**What this task involves**
Beginning with the line that mentions "Action Game WUCHANG", reproduce every line through the last line of the entries, exactly, and only those.

BEGIN

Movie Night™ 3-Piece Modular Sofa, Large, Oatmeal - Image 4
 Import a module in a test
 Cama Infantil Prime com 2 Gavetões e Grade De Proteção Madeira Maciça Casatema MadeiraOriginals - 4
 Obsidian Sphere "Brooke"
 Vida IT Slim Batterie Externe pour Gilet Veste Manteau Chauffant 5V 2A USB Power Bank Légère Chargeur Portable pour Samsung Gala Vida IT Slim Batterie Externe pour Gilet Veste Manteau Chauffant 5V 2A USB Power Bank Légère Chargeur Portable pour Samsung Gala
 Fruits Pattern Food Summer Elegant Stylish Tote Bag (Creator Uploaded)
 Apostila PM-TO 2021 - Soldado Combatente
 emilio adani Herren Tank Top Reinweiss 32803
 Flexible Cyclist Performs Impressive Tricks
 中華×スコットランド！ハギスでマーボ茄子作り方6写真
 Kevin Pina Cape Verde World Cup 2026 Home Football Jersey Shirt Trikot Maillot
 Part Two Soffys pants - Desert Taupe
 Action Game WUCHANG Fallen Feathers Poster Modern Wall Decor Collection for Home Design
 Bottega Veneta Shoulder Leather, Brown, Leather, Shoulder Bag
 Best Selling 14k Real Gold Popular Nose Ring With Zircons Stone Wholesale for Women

END

**Response box**
 Action Game WUCHANG Fallen Feathers Poster Modern Wall Decor Collection for Home Design
 Bottega Veneta Shoulder Leather, Brown, Leather, Shoulder Bag
 Best Selling 14k Real Gold Popular Nose Ring With Zircons Stone Wholesale for Women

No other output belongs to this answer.